INFORMATION PROVIDED
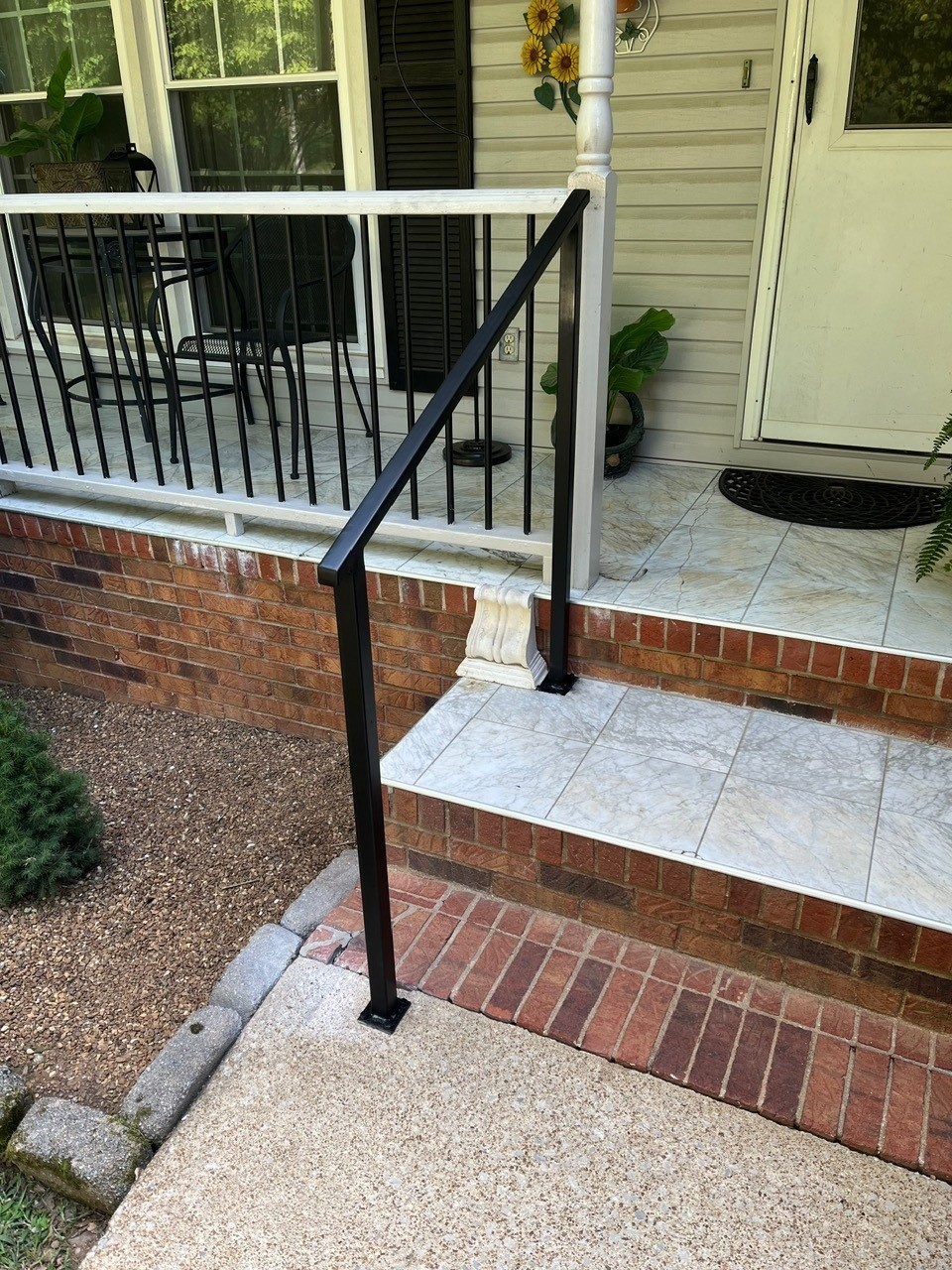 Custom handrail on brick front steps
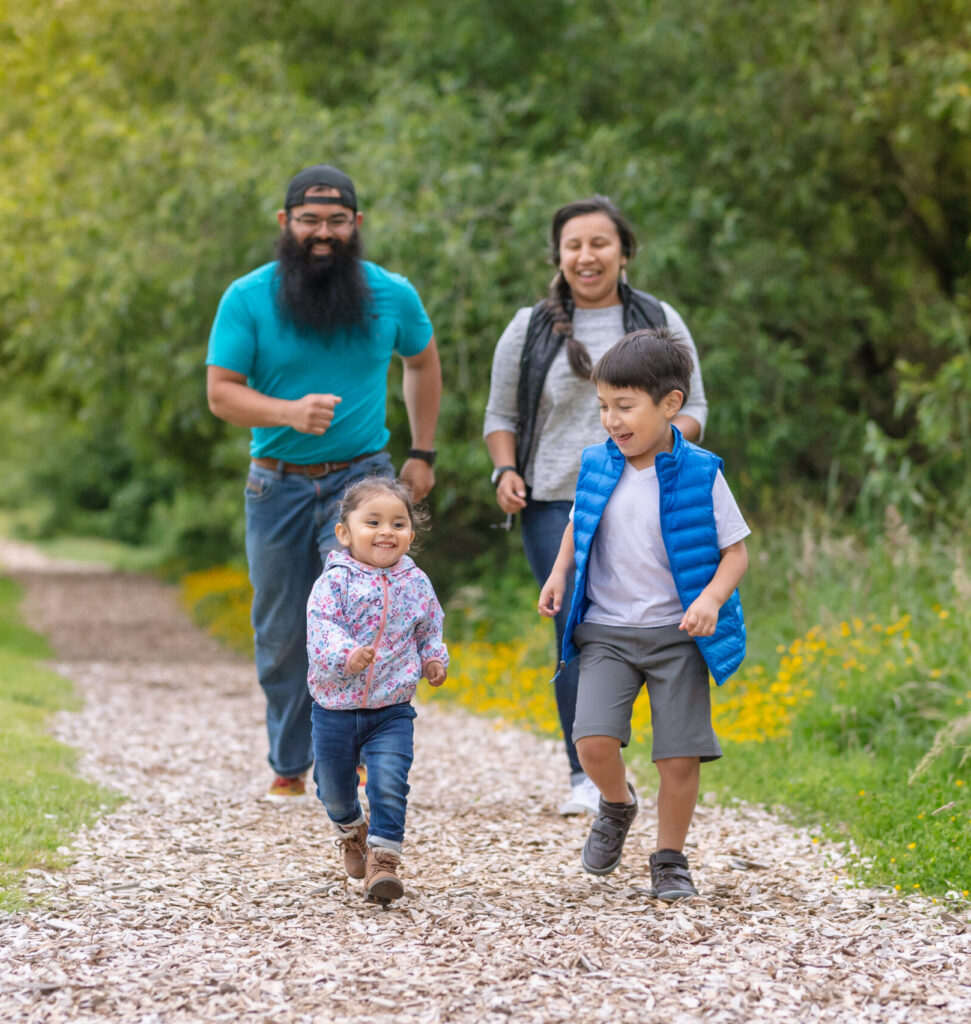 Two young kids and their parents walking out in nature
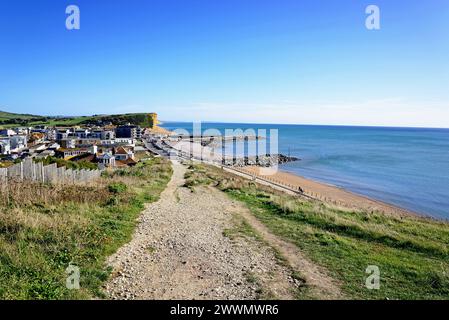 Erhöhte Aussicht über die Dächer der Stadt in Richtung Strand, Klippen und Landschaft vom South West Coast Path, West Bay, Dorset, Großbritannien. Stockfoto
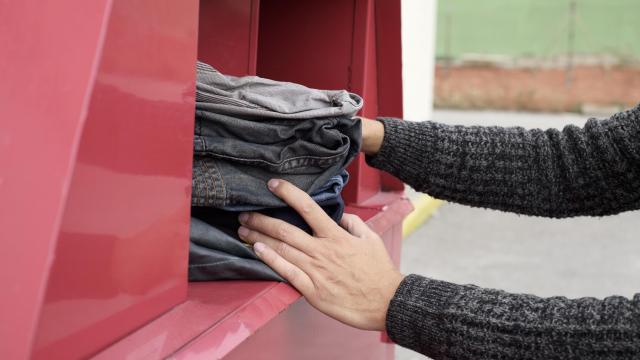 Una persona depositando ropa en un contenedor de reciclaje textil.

WORK ITEM
Every line of the listing is to be retyped exactly; pictures stay out.

ANSWER BELOW
 Custom handrail on brick front steps
 Two young kids and their parents walking out in nature
 Erhöhte Aussicht über die Dächer der Stadt in Richtung Strand, Klippen und Landschaft vom South West Coast Path, West Bay, Dorset, Großbritannien. Stockfoto
 Una persona depositando ropa en un contenedor de reciclaje textil.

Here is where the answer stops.